I have done that before, but I think I will stick to mbuna, I really do appreciate the suggestion though. And, if all else fails, I can fall back on tangs.

Back to Malawis, I've narrowed my choices down a bit.

Species I like

Mbuna: 
Cynotilapia afra ( I like them all)
Labidochromis carleus ( Ylw and wht)
Labido sp. mbamba
Ps. Saulosi.

Alunocara:

Bi color 500
Lemon jake
Lwanda.

I really wanted variety, which is what lead me to desire an all male setup, however, that apparently isn't feasible due to the constraints of my tank.

That being said, I need to find a list that will include some variety, but also keep my fish and I happy.

Thanks!


----------



## Catfisher7 (Jan 24, 2013)

Hey, can an admin/mod please move this topic to the lake Malawi forum?

Thanks!


----------



## clhinds78 (Jul 27, 2012)

Of the four mbuna species you listed I would probably go for the mbamba and the yellow labs if you want tow species. Just going with the saulosi would look similar as the males are blue and dark blue barred (like the mbamba) and the females are bright yellow (like the labs(. Cyna and any of the other species would work, but cyno females are night that colorful. They are cool fish, just not as colorful as the males.

You might consider the saulosi and another species. Something like white labs or rusties would be a cool loooking tank.

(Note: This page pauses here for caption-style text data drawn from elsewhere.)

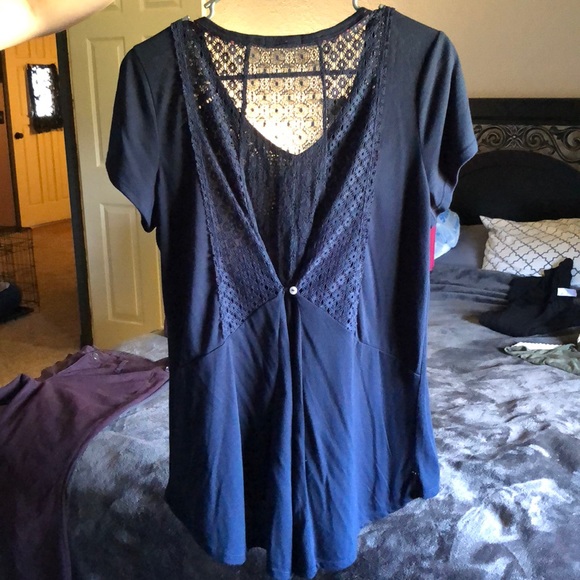 Maurice’s navy lace top hi-low - Picture 2 of 6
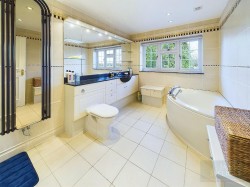 Images for The Yews, Oadby, Leicestershire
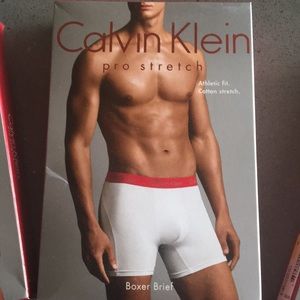 New Men’s Calvin Klein boxer briefs size m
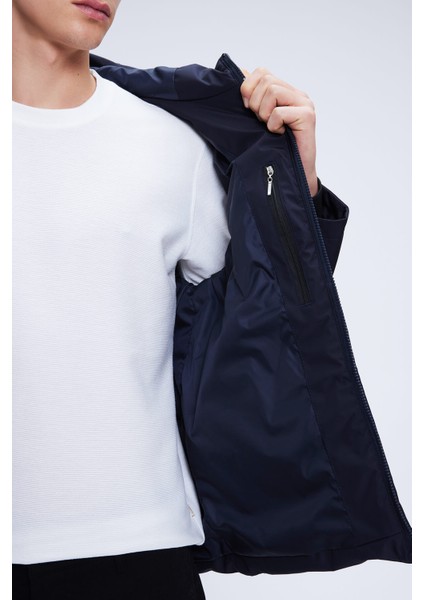 Lacivert Regular Fit Hakim Yaka Kapüşonlu Kaban fırsatları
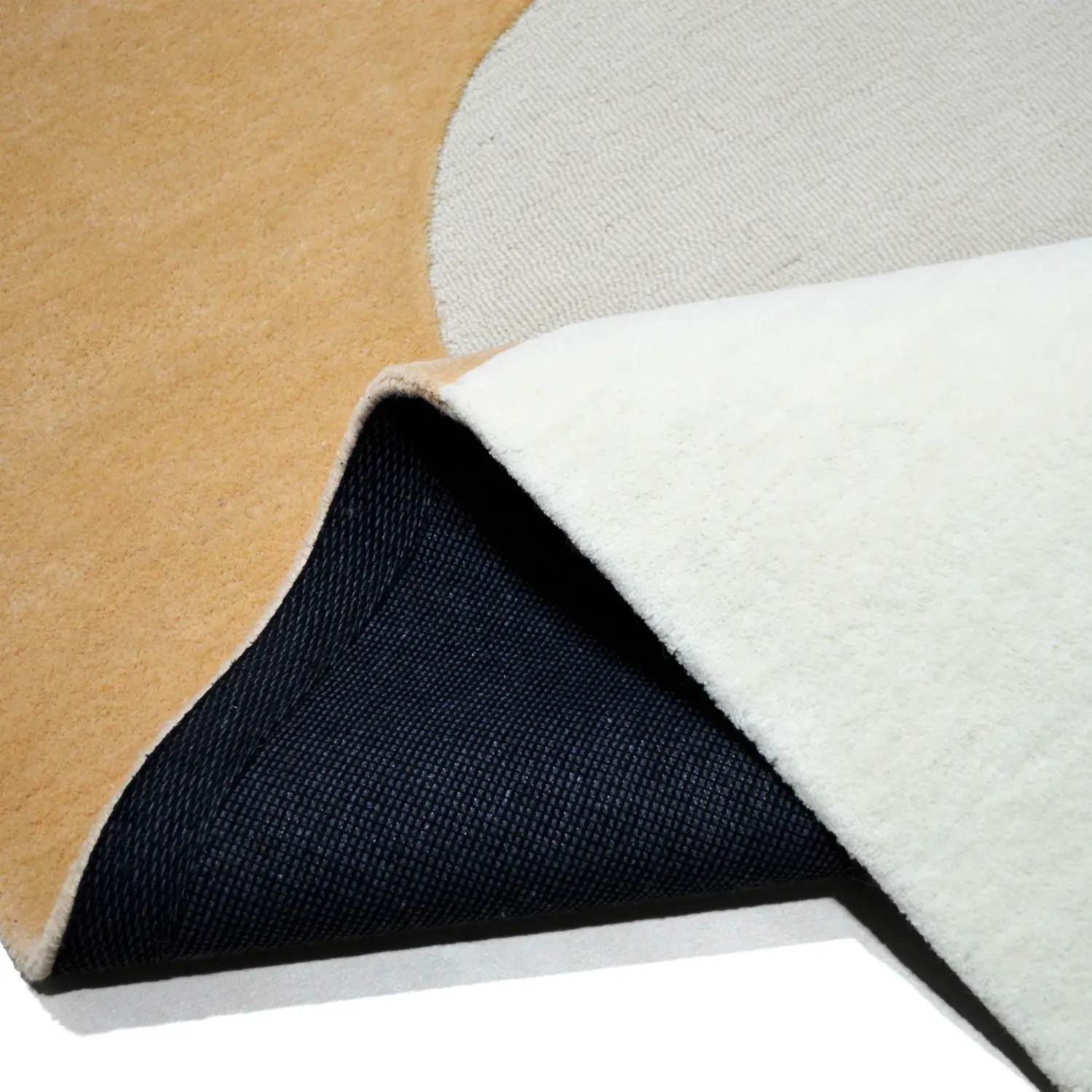 Zoom tapis en laine crème et jaune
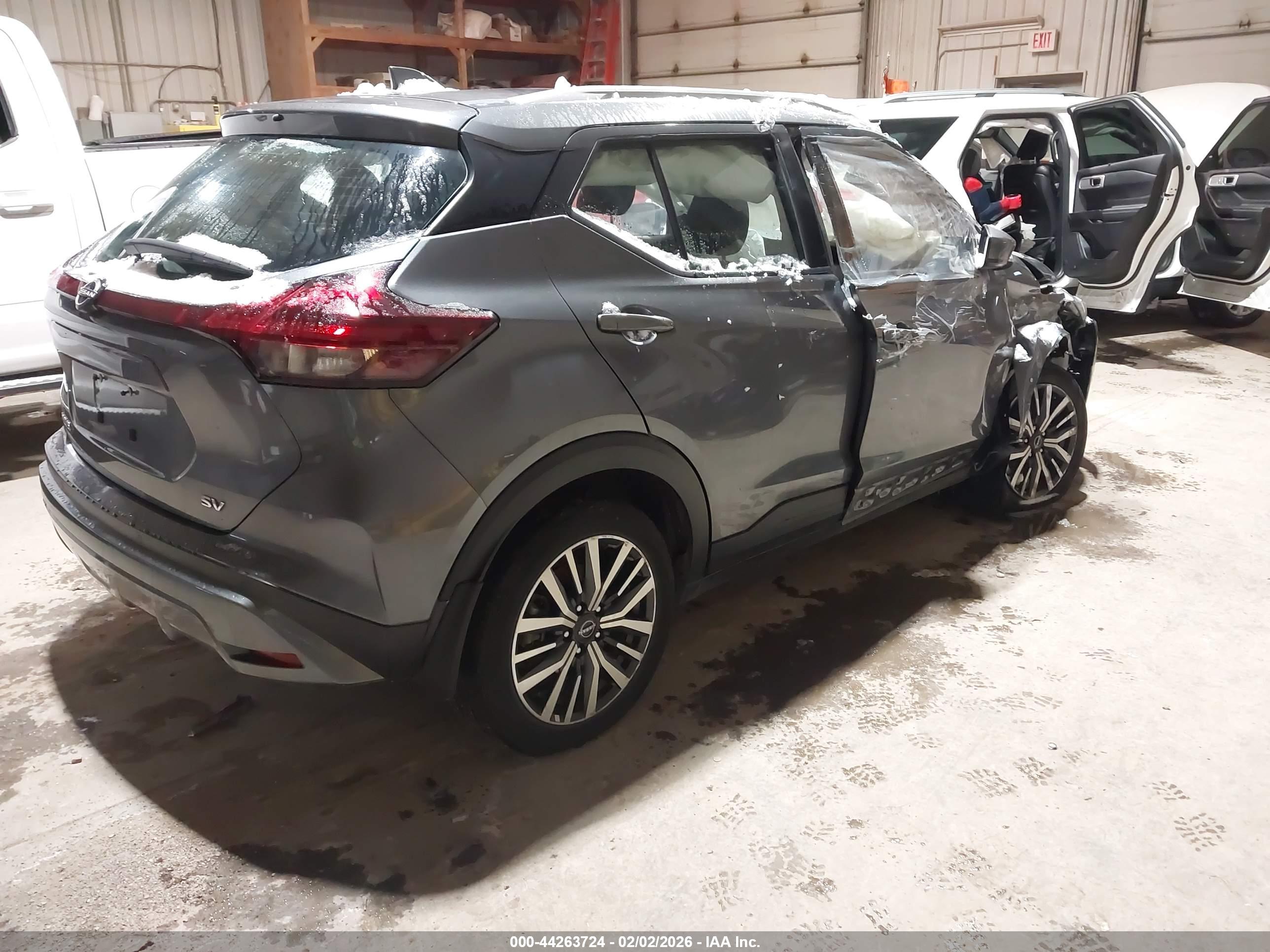 NISSAN KICKS image 4
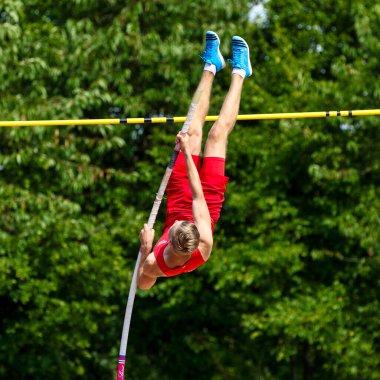 Regensburg, Almanya - 20 Temmuz 2019: Bavyera Atletizm Şampiyonası sırıkla atlama yarışı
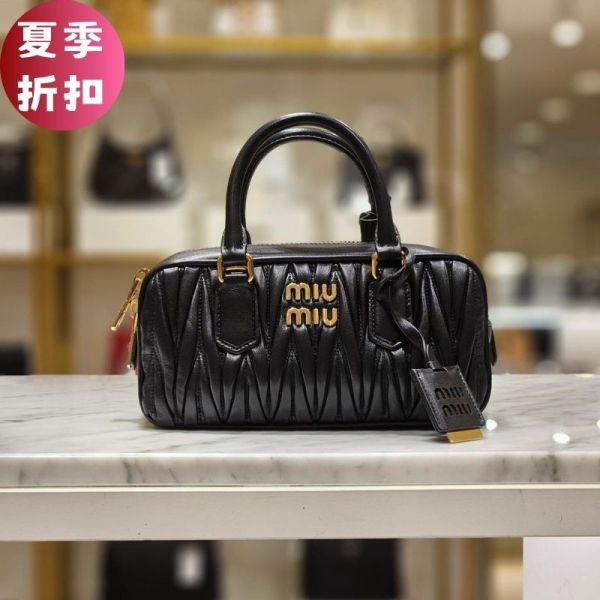 Miu Miu 5BB142 Arcadie Matelasse 皺褶小款納帕皮革包 黑色 Miu Miu IVY 手袋, 帆布手袋, 皮革手挽手袋, Miu Miu 經典手袋, 字母標誌手袋, 金色金屬飾件手袋, 對比物料設計手袋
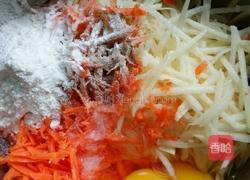 土豆红萝卜丝煎饼的做法图解1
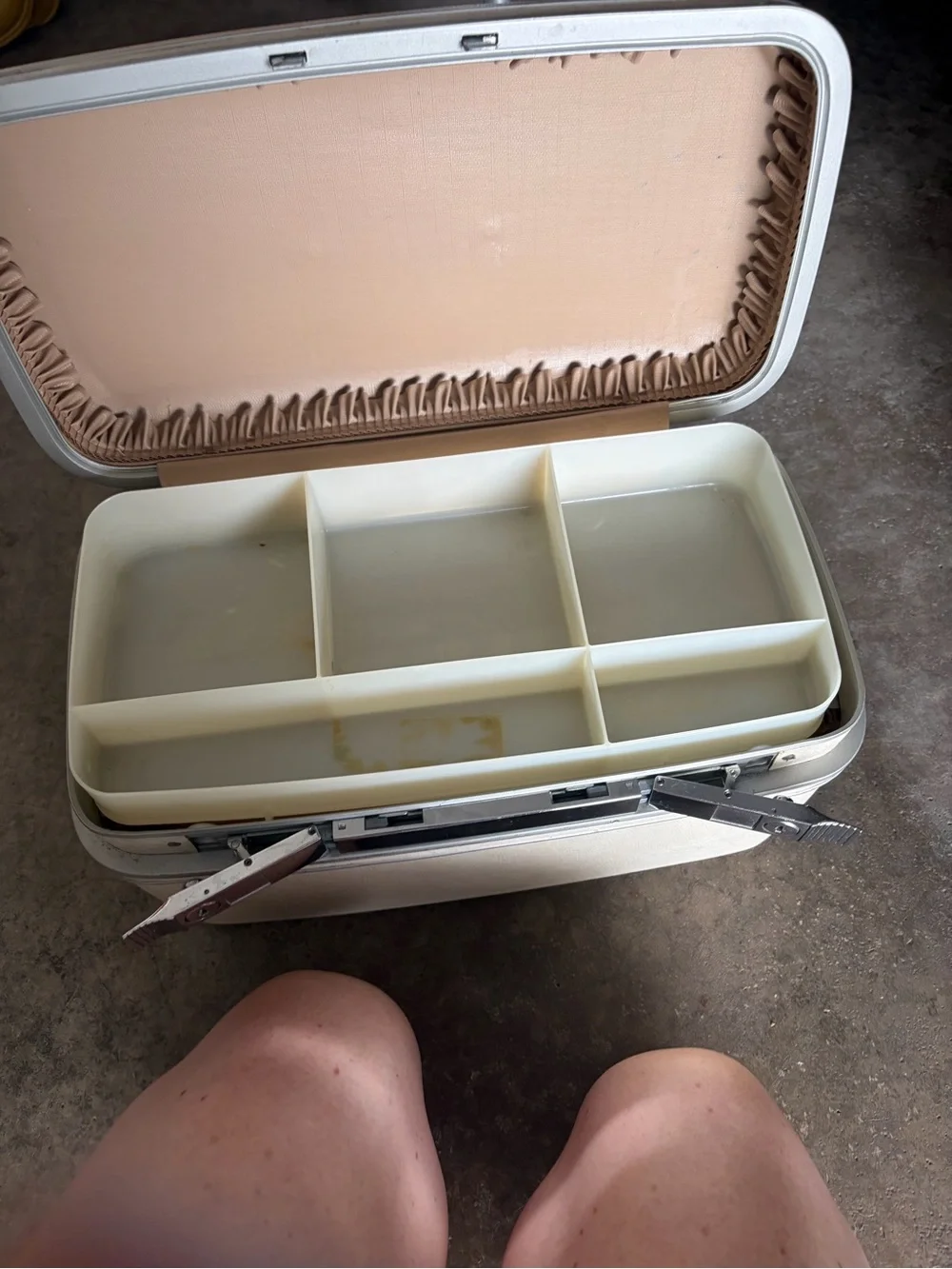 Samsonite bottom cosmetics metal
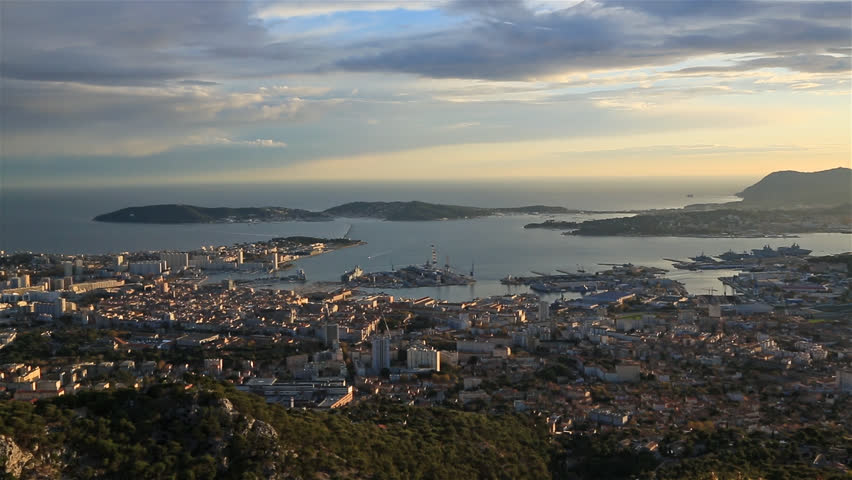 Toulon, Var, Paca, Provence, France. The town and the harbour from the Mont Faron. 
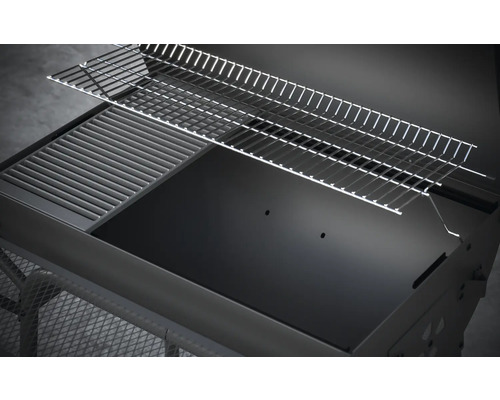 Detailansicht eines Holzkohlegrills mit Grillrost und Warmhalterost.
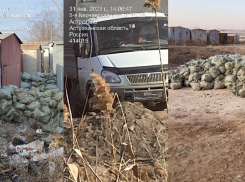 У астраханской поликлиники после ремонта развели свалку стройматериалов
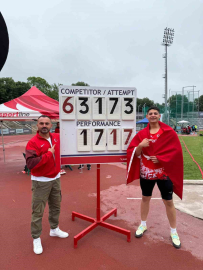 Gülleci Abdülkerim Akdaş, tarih yazdı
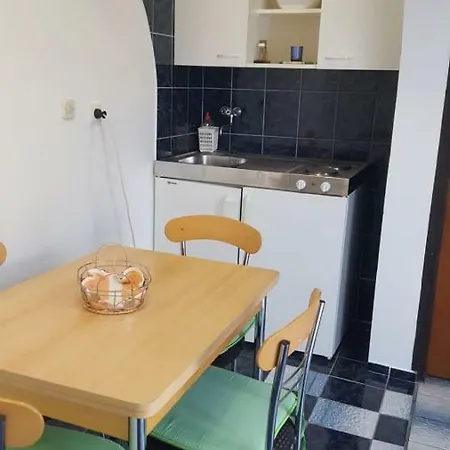 Apartmani Laura Trogir Exterior photo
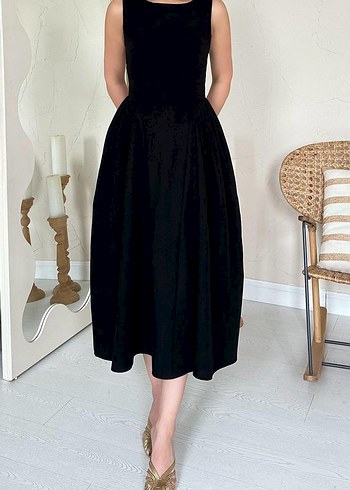 Siyah Uzun Kolluksuz Elbise - Görsel 3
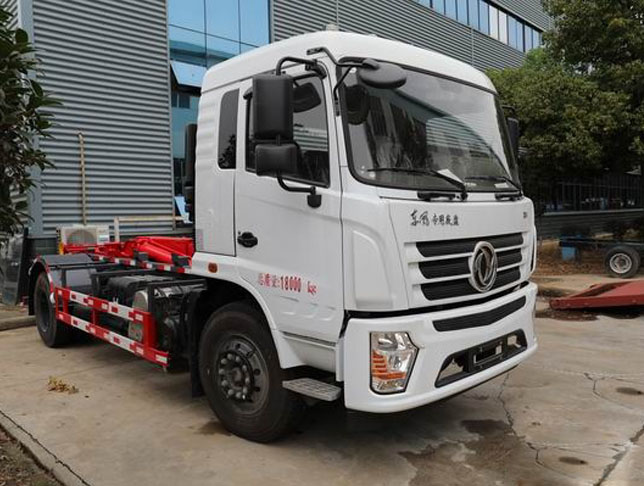 東風(fēng)D3國(guó)六后車(chē)廂可卸式垃圾車(chē)圖片3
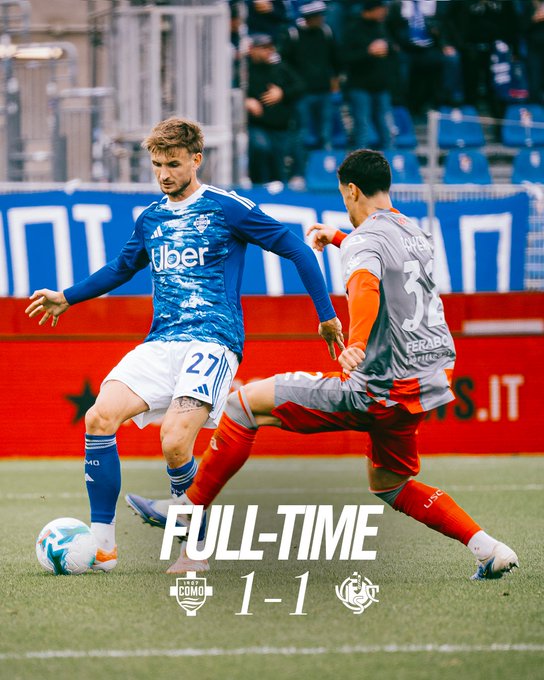 Two soccer players on a field, one in a blue and white Como 1907 jersey with the number 27, the other in a gray and red jersey with the number 32. They are engaged in a physical challenge for the ball. The background shows a stadium with spectators and red and blue seating. Text overlay reads "FULL-TIME 1-1".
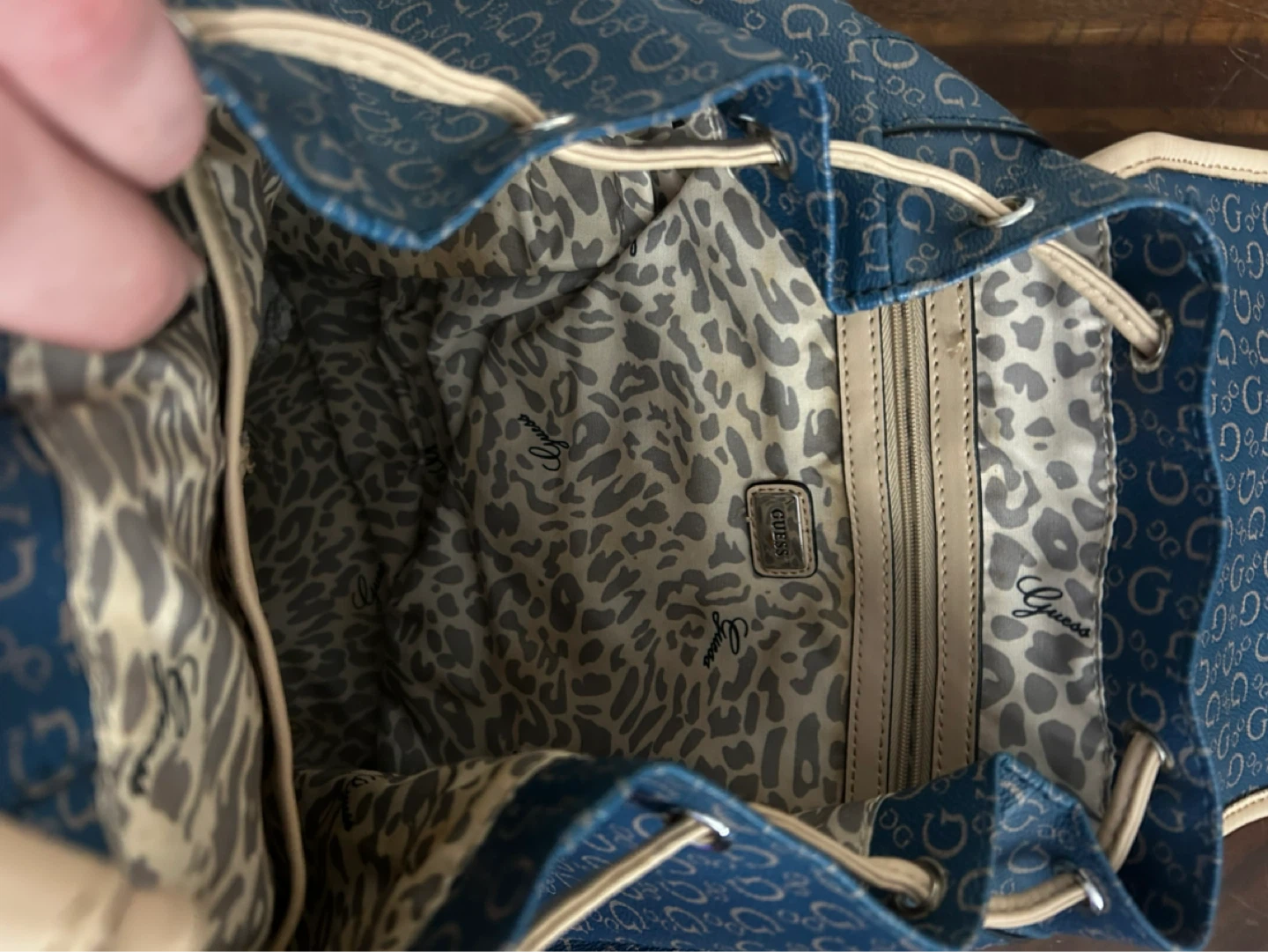 Guess Logo Print Backpack - photo 2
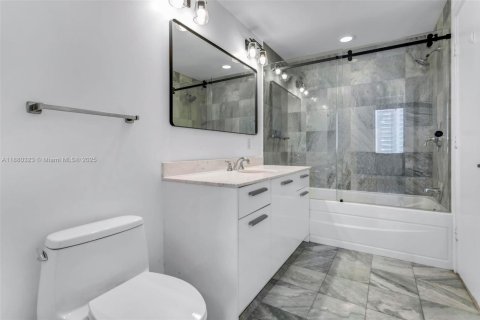 Condo in Miami, Florida, 1 bedroom  № 1929252 - photo 2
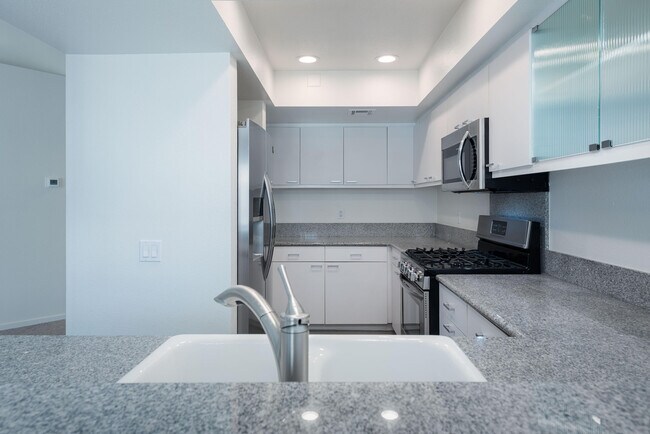 Building Photo - 35200 Cathedral Canyon Dr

Actually, saulosi and rusties would both be rat for this sized tank since neither species grows real large.

The three peacock species you mentioned would be ok, but since this is a 36" tank you will pretty much be full with those three species and the catfish.


----------



## Catfisher7 (Jan 24, 2013)

It i stocked peacocks, would I go all male?

Saulosi and whites would make a cool tank, I may consider that.


----------



## Catfisher7 (Jan 24, 2013)

Well ****.

I was carrying the 20 gallon up to my room to set it up, and dropped it.
Lets just say, no more 20 gallon.

Now I can't even save any fry, so I've decided to just forget about breeding.

After reading numerous articles on the Internet, I think I'm going to roll the dice and give an all male mbuna tank a shot.

I plan on avoiding anything super agressive, ie melanochromis.

I'm thinking around 8-10 individuals, no look alikes, add them at about 2-3".

Stock list:
Yellow lab
White lab
Yelliw fin mbamba
Cobalt blue zebra
White top hara
Cobue afra
Afra sp lion
Afra mbweca

See any problems with this? Thanks!


----------



## Michael_S (Aug 18, 2013)

3 Labidochromis together might pose a problem from what I have read.


----------



## Catfisher7 (Jan 24, 2013)

Interesting, I felt that they may be okay because they don't resemble each other too closely.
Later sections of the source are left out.